After some initial requirements analysis we started to look for an appropriate database system. The following are some of our database requirements:
- the database must store large volumes of data;
- it must handle large traffic volumes;
- you must be able to easily publish data from a local private database to a global shared database in order to share data with colleagues;
- it must be convenient to store metadata describing the data for documentation purposes, since it is easy to forget important information about why and how the data was generated;
- it must be easy to insert new fields or remove existing fields from an existing schema; and
- it must be easy to remove unwanted or erroneous data.
It became apparent that MongoDB covers our requirements quite well, and it was therefore chosen as our database of choice over relational databases and good old text files; the latter, worryingly, are still the go to method for many experimenters.

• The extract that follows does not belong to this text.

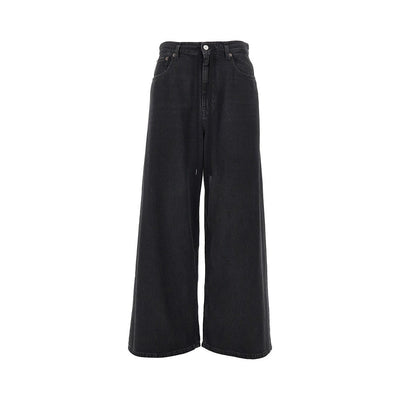 oversized jeans with drawstring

MongoDB’s collections are in some ways comparable to SQL tables, and will be used to group data from the same experiment together. The data generated by a subsequent run of this experiment can then also be stored in this collection, thus forming a larger data set. Each data point is stored as a BSON object. BSON is a binary-encoded serialisation of a JSON document, the structure (or schema) of which are easily changed and existing objects updated, if alterations need to be made at some later stage. This allows us to change the database easily when compared to relational databases and text files, even if data of the type we are changing is already present in the database. As an added bonus, APIs that make it easy to create and manipulate JSON objects in your code are available for almost every language you can shake a stick at.

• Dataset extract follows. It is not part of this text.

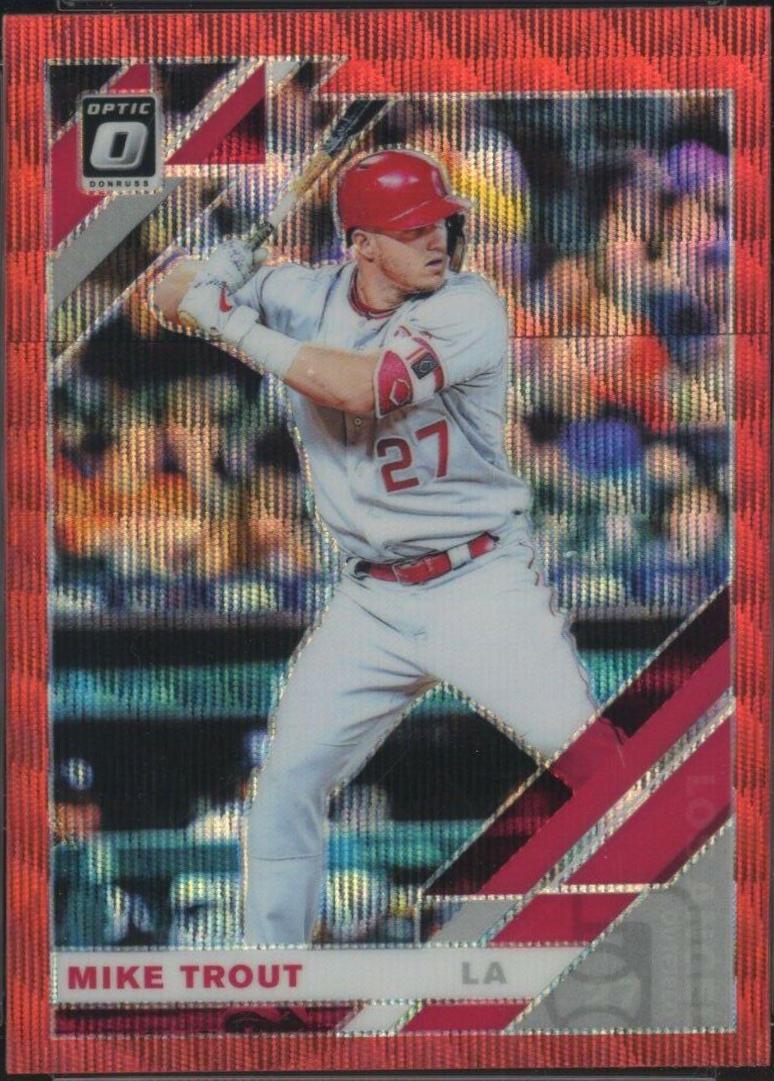 Mike Trout [Red Wave] #170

Let us look at what a data point represented in a JSON object might look like. Take a simple example of a coordinate in Cartesian space, where the object only stores its own unique identifier, and the x and y values of the coordinate. Here we have the coordinate (4, 2):
"_id" : ObjectId(8fcc3ebc1277000304506170""),
"x-axis" : "4",
"y-axis" : "2"
Multiple objects such as this can be observed in some experiment and stored in a collection created for that experiment.
We create a special object for each collection to distinguish and describe the collection, which we shall call the experiment description object. This object is given a specific schema:
"_id" : ObjectId("4dcd3ebc9278000000005158"),
"author" : "Peter Hayward",
"overview" : "Data recorded for ExperimentTypeA",
"motivation" : "The reasons of why you run the experiment(s) that generated the data in this collection.",
"program" : "pipeline1",
"parameters" : "-a 10 -b 12",
"repo_name" : "firstname.lastname@example.org:MIH-Media-Lab/pjhayward.git/projectx",
"git_commit_hash" : "9969247ce1f9693d9573b797bdb516f2c35acd32",
"object_vars": "x-axis, y-axis"
The aim of this schema is to capture all the important metadata of the experiment, such as the experimenter’s/author’s name, overview, motivation, the information needed to replicate the experiment, and the attributes the other objects in this collections must have (in our example the x and y axis values).

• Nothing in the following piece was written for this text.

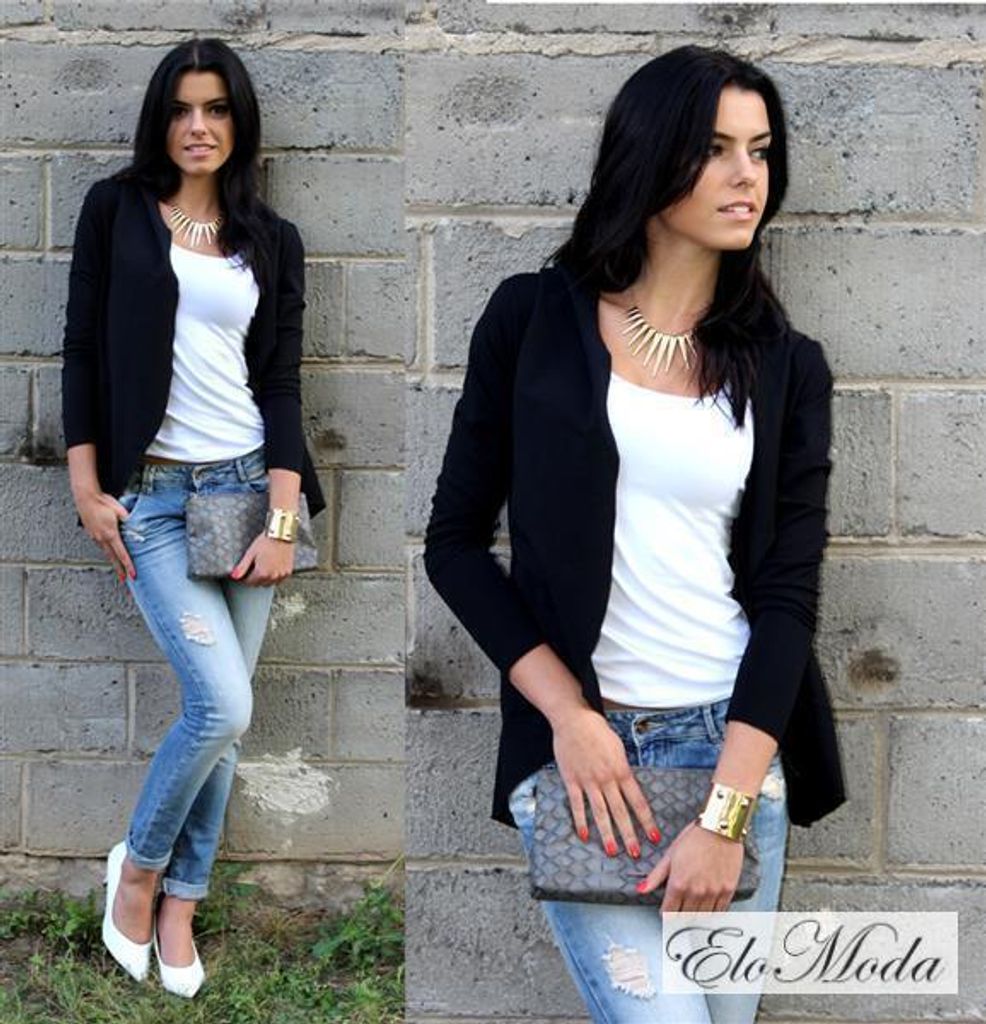 Damen Cardigan Sweater Jacke mit Kapuze Gr. S/M, Schwarz Produktbild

We can then use the experiment description object to validate the data that the author (or at a later stage some other user) wants to upload to the collection. For example, if I run an experiment with exactly the same parameters again, and want to add the coordinates to the collection, then the coordinate objects must have the x and y values as specified in the experiment description object.
Arguably, the most important reason for collecting the metadata stored in the experiment description object is to be able to search the digital library for useful datasets. We aim to develop not only search tools, but also a web interface that makes it easy to browse datasets and visualise them as well. For example, you might be able to pull up a plot showing all or a sample of the coordinates we’ve been talking about thus far.
If you want to run the same type of experiment with different parameters, you can simply use sub-collections in the collection designated for the experiment type. For example, say we have an experiment type called ExperimentTypeA (as described in the JSON given above), and we want to run the experiment with two sets of parameter values. First, a=10 and b=12, and then a=20 and b=24. Logically, providing different parameter values would influence the results, so it would be wrong to clump the results of these two experiments together. Therefore, we create two sub-collections and store the data points of each experiment separately. Each of these sub-collections will also have its own experiment description object explaining exactly the difference in the parameter values.
We tick all our requirement boxes with a simple system like the one I just described. Such a system makes exploring large amounts of data more plausible, and, hopefully, makes working with experimental data less of a pain. My hope is that it will help our research group goal of working on more intergroup projects; and that other readers might get some ideas for tackling the data management problems they face.